Writing on the 28th of August 1943, Branson suggested that the famine was to some large extent man-made rather than the result of natural disasters:

But the fact is there is enough food in India now …”

A major cause of the famine he suggested it was:

“… the hoarders, the big grain merchants, the landlords and the bureaucrats who have engineered the famine …”

And, on the 14th September 1943, Branson wrote:

The thing that stands out a mile is that the Government showed no signs of weakness when it came to the arrest of the Congress in glaring contrast  to its utter helplessness (??) (or should we call it co-operation, tie-up) in the face of the grain profiteers (and in a similar situation – the cloth merchants – the coalowners, re employment of women underground).”

These quotes, damning indictments of the situation Clive Branson observed whilst serving in India come from a book, “British Soldier in India”. It contains the letters that Clive wrote from India to his wife in England and was published in 1944 by ‘The Communist Party, London’. The slender volume contains an introduction written by Harry Pollitt (1890-1960), who was General Secretary of The Communist Party of Great Britain from 1941 to 1956. I came across the book while reading an excellent book about the 1943 Bengal famine, “Churchill’s Secret War” by Madhusree Mukherjee, and ordered a copy.

Clive was born in Ahmednagar (India), son of an army officer. Ironically, most of his time in India during WW2 was spent in the town where he was born. He trained to be a painter at The Slade School of Art (part of University College London) and became a prolific and talented artist. Some of his works are housed in London’s Tate Gallery. From the age of 20, Clive became interested in Communism and joined the Communist Party in 1932. Pollitt wrote of him:

He was one of those who endear themselves to all who came in contact with them … he was able to inspire others to hate poverty and fight to remove it, to hate ugliness and see beauty … He was not only a brilliant speaker and organiser, but also did more than his share of what is sometimes called “the donkey work”. Nothing was too much for him …”

During the Spanish Civil War, Clive both recruited for, and from 1938 fought with, The International Brigade. In March 1938, he was taken prisoner by Franco’s Nationalist forces and interned in San Pedro de Cardeña concentration camp, where he painted and sketched the camp and many of its inmates. These artworks are currently stored in the Marx Memorial Library in London’s Clerkenwell Square. Pollitt reports that a fellow prisoner said of Clive:

In any difficult time, Clive was always cheery, putting forward what we should do … He was one of the most popular and most respected among the British prisoners.”

Clive, a true patriot and ardent anti-fascist, joined the Royal Armoured Corps during WW2 and was posted to India where he arrived in May 1942, the month that he sent his first letter published in the book. Pollitt accurately notes that Clive’s letters from India:

“… will make you angry and they will make you sad. They will make you see new colours and shades, an unimaginable suffering and a truly heroic grandeur, extraordinary nobility and equally extraordinary bestiality. It is a vivid and many-sided picture which Clive wanted to record in painting, and which we may be sure he would have executed with feeling and sincerity...”

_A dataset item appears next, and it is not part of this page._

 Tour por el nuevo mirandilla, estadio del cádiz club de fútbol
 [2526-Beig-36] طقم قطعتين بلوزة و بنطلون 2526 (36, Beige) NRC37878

Reading Clive’s letters today, 76 years after they were composed, still evoked a sense of anger because of the awful things he saw as well as a sense of wonder because of his very evident love and admiration of India and its people.

Whenever he was able, Clive mixed with Indians from all strata of society and delighted in their company.  While in Ahmednagar, Clive was introduced to an Indian artist. At this person’s house, he:

“… did a drawing for 1½ hours of his little niece aged 10. I did it in indelible pencil and ink – this is the medium I shall do most of my work in as it is more lasting – does not smudge – than ordinary pencil. But how difficult are Indian clothes – I shall have to do a lot of careful observation and drawing before I shall know what to do technically’ The Indian just sat and watched me working. He speaks English quite well, and knows a number of famous Indian painters – he himself went to the Bombay School of Art…”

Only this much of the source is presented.